How Apollo Hospitals shares have fared so far
With a market capitalisation of more than ₹71,200 crore, the multibagger stock has rallied over 310% in the past five years. The stock price has climbed 32% in the last six months, while it dropped 7% over the past one month. Apollo Hospitals’ shares have gained 1% over the last five sessions, while it slipped more than 1% over the past two sessions. The stock has gained 102% from its 52-week low of ₹2,386.25 recorded on January 5, 2021. The share had hit a 52-week high of ₹5,930.70 on November 26, 2021.
On Tuesday, the stock opened marginally higher at ₹5,019 against the previous close price of ₹4,988.90. In the early trade, the stock declined as much as 0.95% to hit a low of ₹4,941.55. Despite today’s fall, the scrip was trading higher than 5-day, 50-day, 100-day and 200-day moving averages, but lower than the 20-day moving average, according to stock research platform Markets Mojo.
As per the research platform, the stock was trading at a discount compared to its average historical valuations due to drop in investor participation. The delivery volume, the quantity of the stock delivered to the actual buyer out of the total traded volume, declined by 20.3% to 1.2 lakh on January 3, as compared to 5-day average volume.
Brokerages assign ‘Buy’ rating to Apollo Hospitals shares
Last month, brokerage firms Motilal Oswal and ICICI Direct had assigned ‘Buy’ ratings to the stock, owing to strong operational and financial performance in the September quarter. Analysts at Motilal Oswal had assigned a ‘Buy’ call on Apollo Hospitals with a target price of ₹5,900 in its research report dated December 21, 2021. ICICI Direct had also recommended a buy rating with a target price of ₹6,045 in its report. The stock currently trades at ₹4,941.55 apiece as of January 4, 20201.
“Considering the multiple growth levers in place to drive its business, we expect Apollo Hospitals Enterprise’s (AHEL) revenue to grow at CAGR of 16% and earnings to grow at CAGR of 30% over FY22-24 to ₹19,200 crore and ₹1,600 crore, respectively.
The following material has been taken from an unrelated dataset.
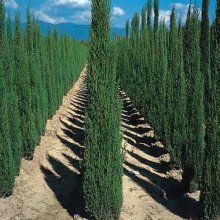 Cupressus Totem Picture of Cupressus Totem (1570)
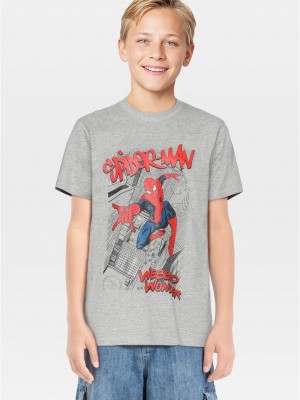 Детска тениска Kids Spiderman Comic Tee heather grey 158/164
We initiate coverage on AHEL with an SOTP-based target price of ₹5,900 and a Buy rating,” Motilal Oswal said in its report.
Apollo Hospitals reports positive results for last four quarters
Apollo Hospitals Enterprise, operating in the hospitals and allied services sector, has reported positive results for the last four consecutive quarters amid a recovery in hospital business. The multinational hospital chain posted better-than-expected earnings during the second quarter ended September 30, 2021, driven by strong revenue growth and margin expansion.
In Q2 FY22, the company reported a 311% jump in consolidated net profit to ₹247.8 crore, from ₹60.27 crore in Q2 FY21. Consolidated net sales rose 34.6% to ₹3,717 crore in September quarter of 2022, from ₹2,760.72 crore in the year ago period. Profit before tax surged 483% to ₹382.99 crore as compared to ₹65.60 crore in the same period last year. The earnings before interest, taxes, depreciation and amortisation (EBITDA) climbed 105.1% year-on-year to ₹615 crore, while EBITDA margin grew by 568 basis points to 16.5% in Q2 FY22.